Quelle est la prochaine étape pour les chatons d’Or ? Vous avez parlé du prochain thème, “l’âge”. Et ça interpelle, puisque c’est une remise des prix censée être pour les jeunes talents, pour ceux qui débutent : comment ça va évoluer de ce point de vue-là ?
N.C. : En fait, aujourd’hui, vous savez qu’avec l’allongement du temps de travail, dans la création, parfois, on peut être étiqueté “vieux” alors qu’on a à peine dépassé la trentaine. Il y a une espèce de tendance dans les agences à considérer que quand on commence à avoir des cheveux blancs, on est moins créatif que le dernier perdreau qui sort de l’école. Et donc, l’idée, c’est de dire que d’abord, il n’y a pas d’âge ni d’endroit pour être créatif, et ensuite, la création, c’est ni plus ni moins qu’une aptitude à être curieux, se remettre en cause et puis aborder avec talent différents sujets.
L’objectif c’est aussi de montrer que l’expérience est intéressante. Le fait que ces experts fassent de l’IA, c’est intéressant, ils sont aussi un peu pionniers. On ouvre alors deux cadres de prix : les plus 30 et les moins 30. La Creative League sera aussi ouverte à ceux qui souhaitent se relancer.
Les Chatons d’or, c’est pour ceux qui bondissent et rebondissent. C’est une manière élégante de dire qu’en fait, nous, on ne ferme pas la porte et qu’on a bien conscience que la durée de la vie professionnelle est de plus en plus longue.
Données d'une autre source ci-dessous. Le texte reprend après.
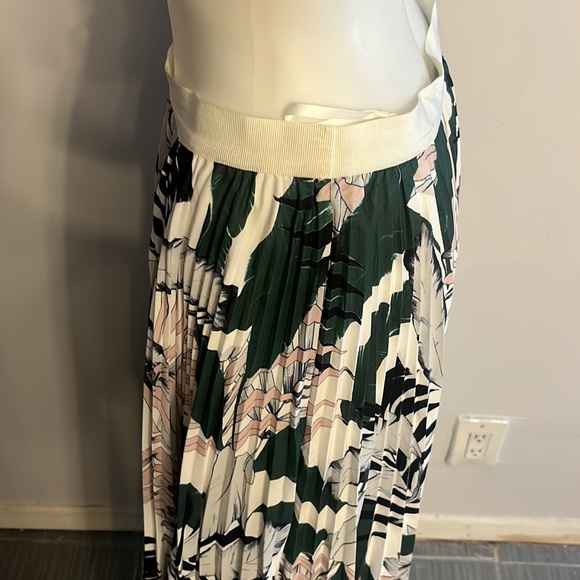 Womens size medium maxi pleated skirt - Picture 10 of 11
On veut accompagner tous ces créatifs de manière un peu commune. La notion de “ligue” est importante parce qu’on est aussi un collectif et on va faire en sorte que tout le monde s’entraide.
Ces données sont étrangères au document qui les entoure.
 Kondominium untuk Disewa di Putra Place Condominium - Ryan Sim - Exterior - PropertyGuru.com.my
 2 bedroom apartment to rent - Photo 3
Ça veut dire qu’il y aura deux fois plus de récompenses ?
N.C. : On a décerné huit prix par catégorie, donc on peut en décerner 16. Et on est en train de réfléchir à la mise en place de deux catégories supplémentaires, l’écriture et le design objet. Pour tordre le cou de ChatGPT, l’idée, c’est de valoriser effectivement la notion d’écriture, le storytelling, tout ce qui est narration au sens large. La publicité, au début, c’est le mot ; les axes créatifs, concepts, insights, ce sont des mots. Il est temps dans cette société de l’image de remettre du sens au niveau des mots. On a pris contact avec des spécialistes sur le sujet, et on va avancer rapidement là-dessus.
C’est vrai qu’il y a de l’écrit dans toutes les catégories déjà existantes, le jeu vidéo, le filmique et tout.
S.L. : Dans chaque jury, il y avait justement des spécialistes de la narration, pour évaluer ce côté, pas uniquement l’image.
N.C. : Oui, on veut être le plus représentatif possible des industries créatives et culturelles. Donc là, on s’est attaqué aux catégories qu’on maîtrisait le plus, notamment par mon expérience et celle de Sophie. Et l’objectif maintenant, c’est d’occuper vraiment le terrain et voir comment on peut valoriser ces catégories nouvelles. Elles sont encore à l’étude. On a jusqu’au 31 mai pour annoncer définitivement le cadre de ces catégories, mais on va déployer petit à petit notre communication pour que vous puissiez évidemment être au sujet de ces nouveaux éléments très très vite.